Now, the 58-year-old former mathematician is working the numbers, trying to entice more members into the winning Shiite alliance ticket and onto his side in the contest with Ibrahim al-Jaafari (search), a soft-spoken physician and interim vice president.

If Chalabi succeeds, it will be the culmination of a dizzying rise and fall and rise of a man who went from opposition leader to pariah to political player.

For the last 10 years he was the face of the opposition to Saddam Hussein in the United States as head of the Iraqi National Congress (search), one of the largest Iraqi opposition groups formerly in exile strongly supported by the Pentagon.

In the weeks after the 2003 invasion, Chalabi was the odds-on favorite to be his homeland's next prime minister. Now, he has enemies inside and outside of Iraq.

"He's certainly not a candidate who is neutral. He's someone that people have very strong views about, and this is a very delicate stage for Iraq," said Judith Kipper, director of the Middle East Forum at the Council on Foreign Relations.

Gunmen fired on his convoy in Baghdad last year, wounding two of his bodyguards. And he is wanted on charges of counterfeiting old Iraqi dinars, which were removed from circulation after Saddam's ouster last year. He remains at large because the interim Iraqi Interior Ministry has refused to follow up on the warrant.

His ties with Iran have riled Washington, once his biggest supporter, particularly in the runup to the U.S.-led invasion in March 2003. It has since accused him of inflating reports of Saddam's illegal weapons programs, Washington's main justification for the war. Relations between Chalabi and the United States reached an all-time low last year when Washington accused him of leaking intelligence secrets to Tehran, a charge Chalabi denied.

Then there are the Jordanians. In 1992, Chalabi was convicted of fraud in absentia as part of a banking scandal in Jordan.
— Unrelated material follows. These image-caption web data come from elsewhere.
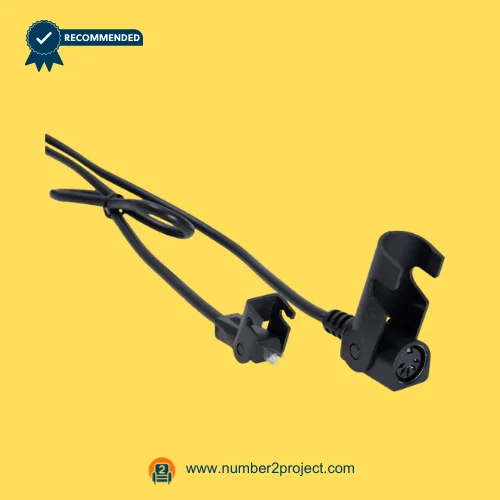 RMT R811A02347177 recliner actuator power cable with two-pin plug and round multi-pin connector for lift chair linear actuator motor Number2project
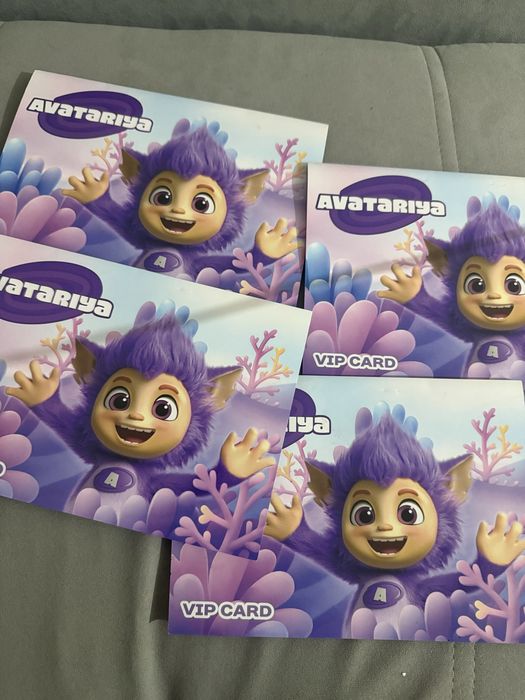 Avatariya Vip Card детский развлекательный центр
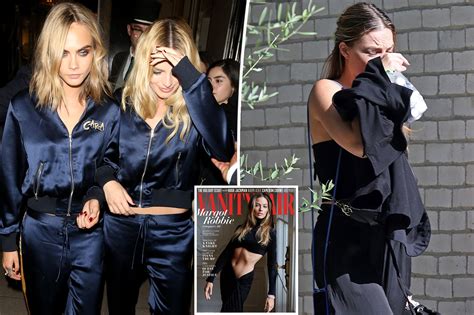 Margot Robbie Denies ‘crying Over Cara Delevingne In Paparazzi Photos
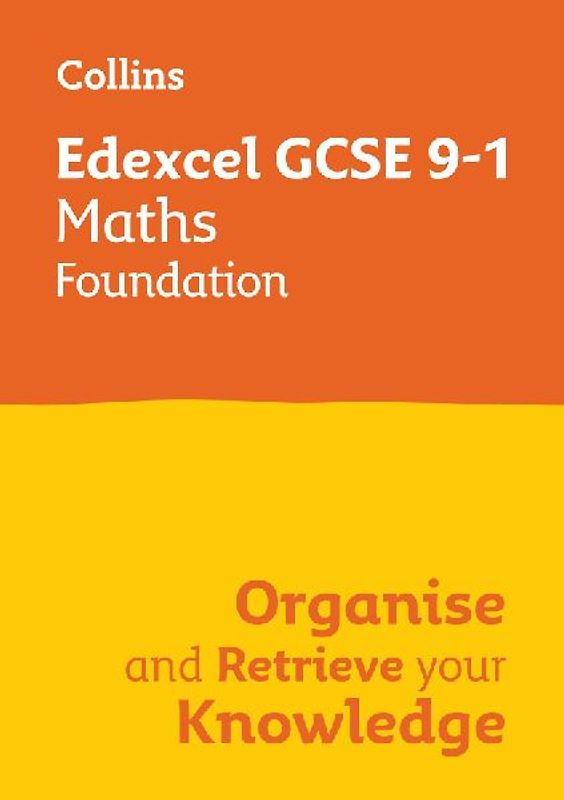 Collins GCSE Maths 9-1: Edexcel GCSE 9-1 Maths Foundation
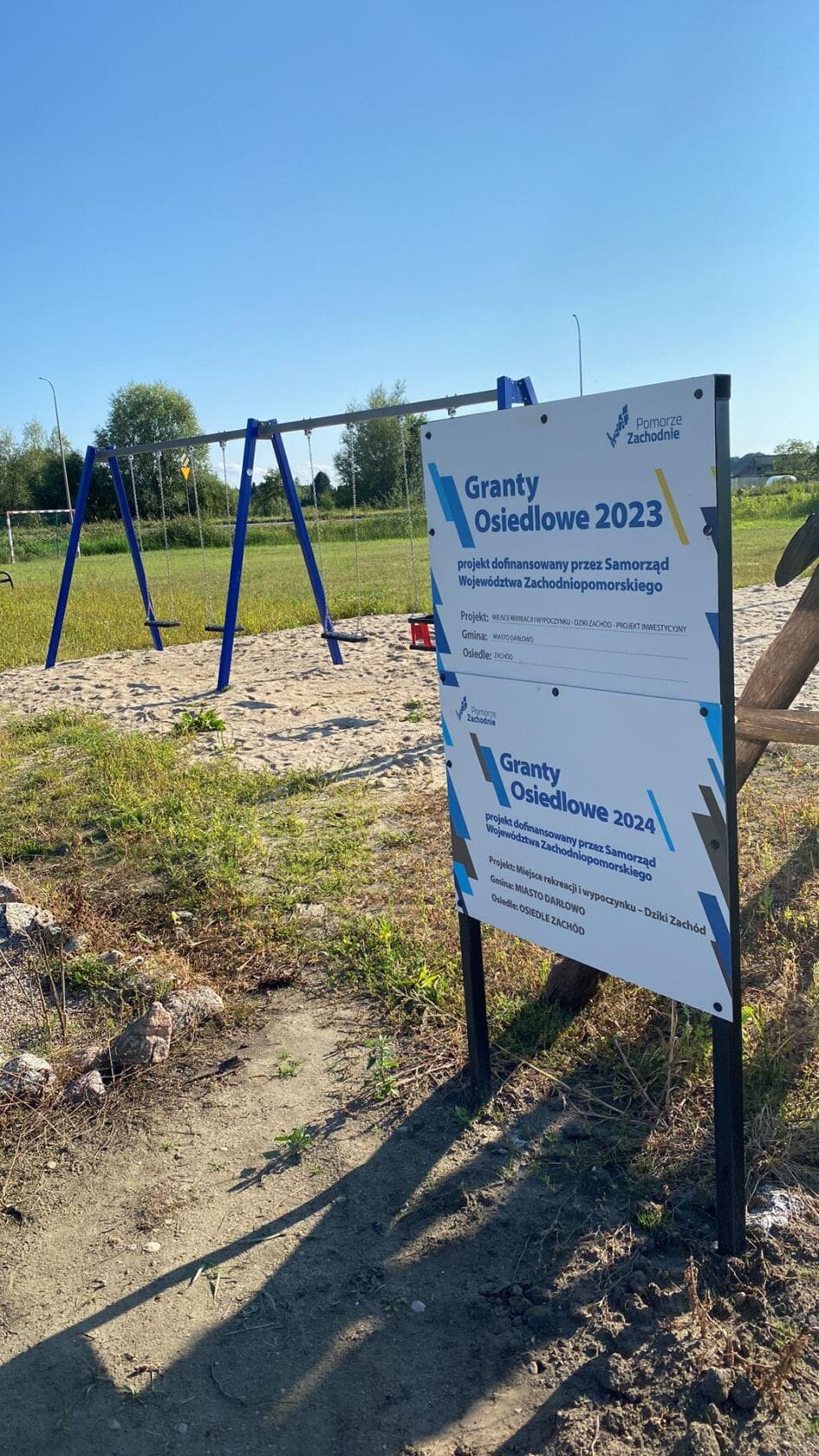 Miejsce rekreacji i wypoczynku Dziki Zachód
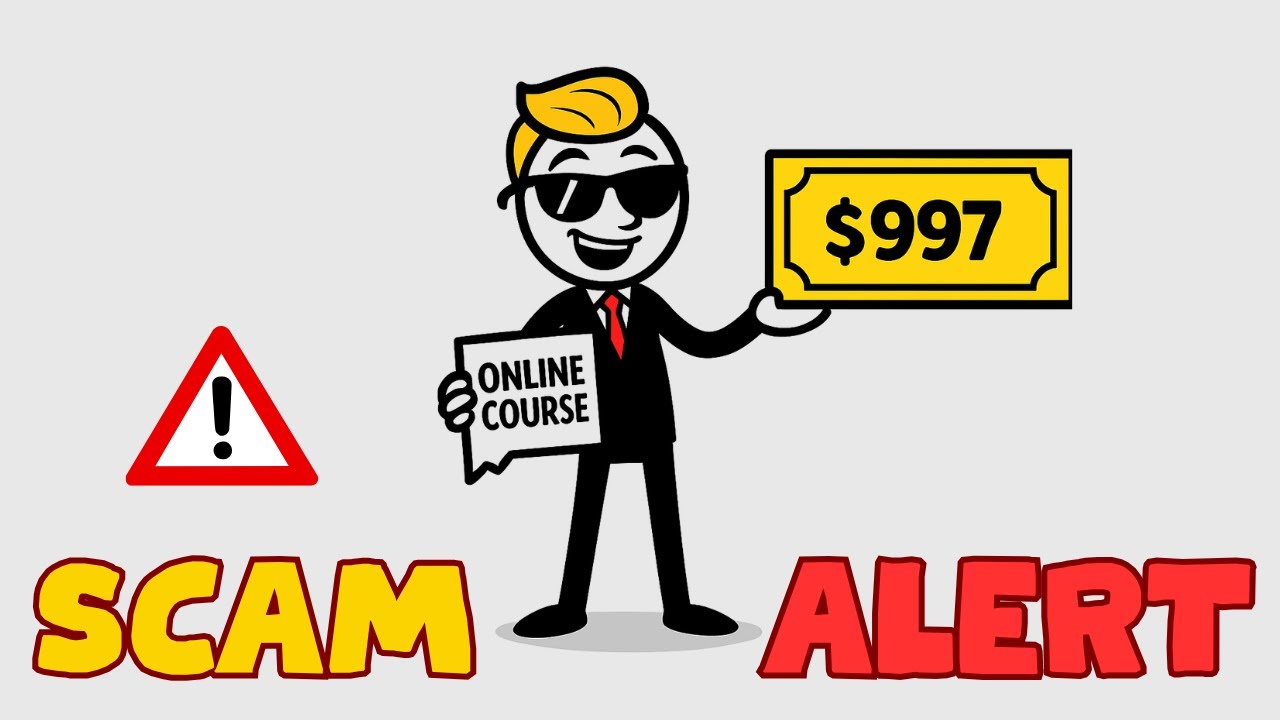 Why Most Online Courses Are a Scam (And What to Do Instead)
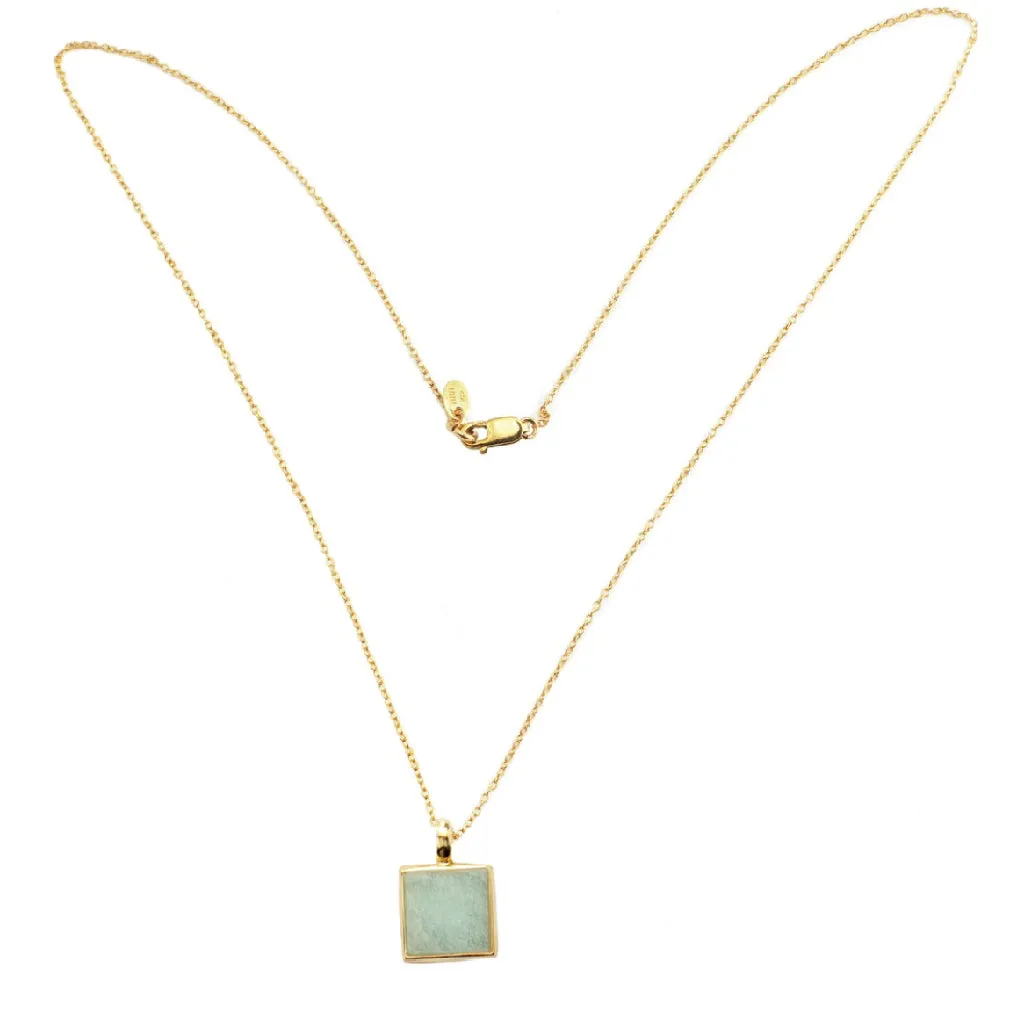 Vida Cube Flip Pendant Necklace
He was sentenced to 22 years in jail, but hasn't served a day.

On Monday, Jordan's government reacted with vehement condemnation to the speculation that Chalabi could be Iraq's next premier — and said Amman would hardly look forward to dealing with an Iraqi government run by a wanted man.

"We will not be thrilled if he assumes a government position," said Asma Khader, a spokeswoman for the Jordanian government. "But," she added, "this is an internal matter for the Iraqis."
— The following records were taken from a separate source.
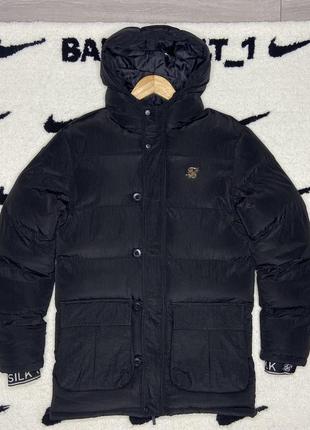 Зимова куртка sik silk rip stop s-ка парка пуховик ripndip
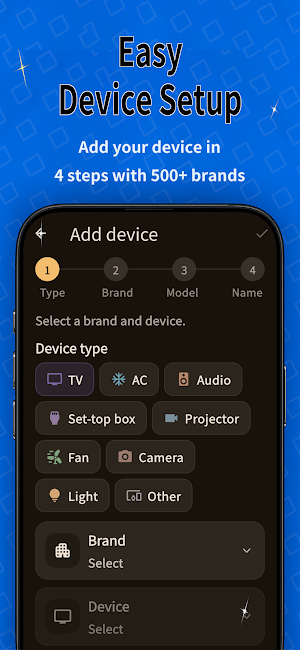 Smart IR Remote for TV Screenshot 2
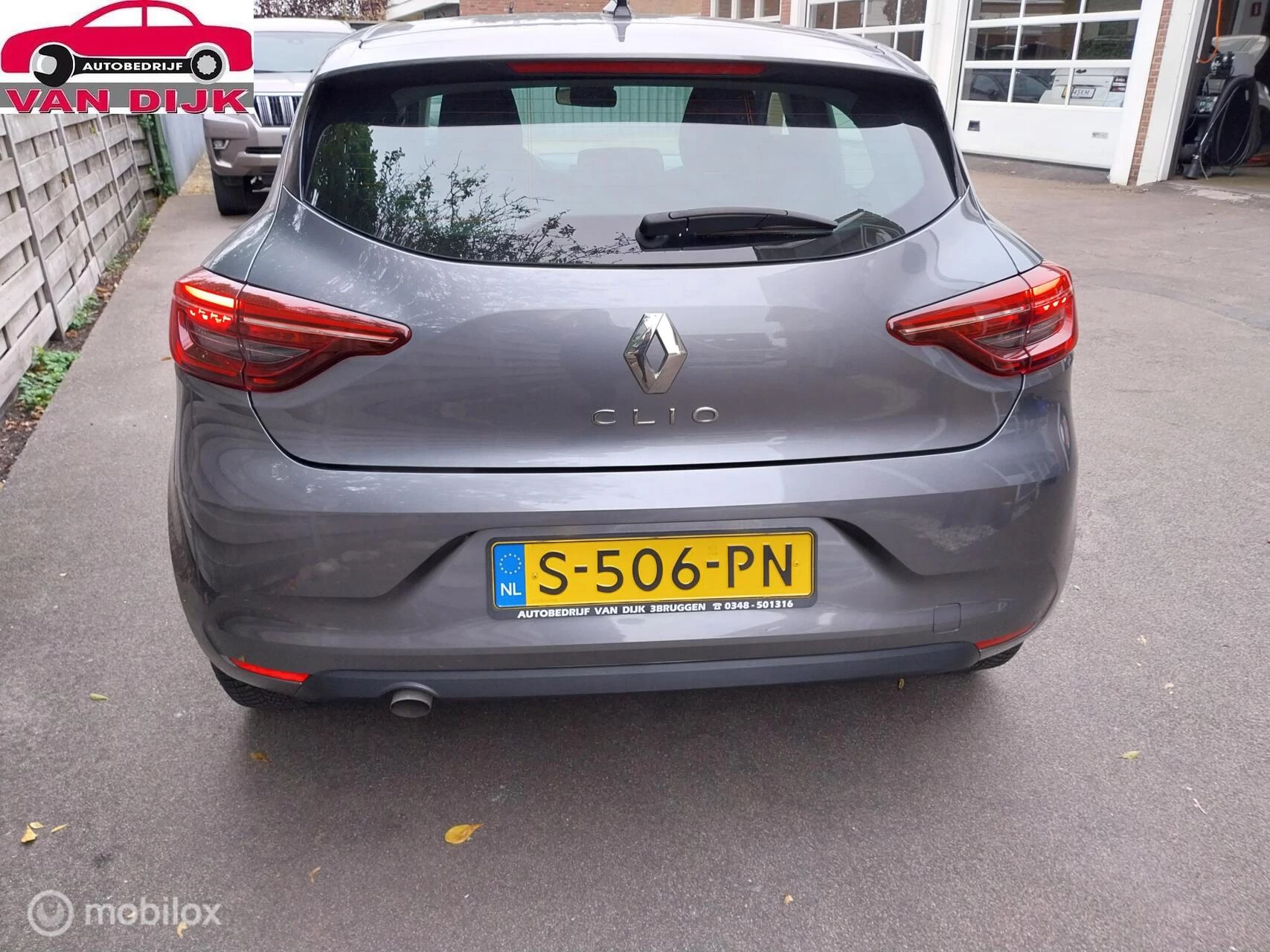Hoofdafbeelding Renault Clio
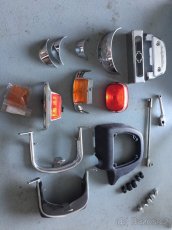 Harley Davidson náhradní díly, doplňky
Iraq's fragile political condition and tenuous security situation may be Chalabi's greatest obstacle, if those in the alliance choose al-Jaafari simply because he is more popular. Also pivotal is the endorsement of Grand Ayatollah Ali al-Sistani (search), an integral element for either candidate's success.

Al-Jaafari seemed all but certain to assume the post after his main opponent, Adil Abdul-Mahdi (search) of the Supreme Council for Islamic Revolution in Iraq (search), dropped out. But instead of withdrawing to preserve unity within the alliance — the reason given by Abdul-Mahdi — Chalabi appears determined to battle it out.

Chalabi is a man who likes working with numbers. The gamble may turn out to be a calculated risk, and Chalabi could succeed elsewhere if he loses the premiership — perhaps a powerful ministry post.

Or maybe this time, the odds will swing his way.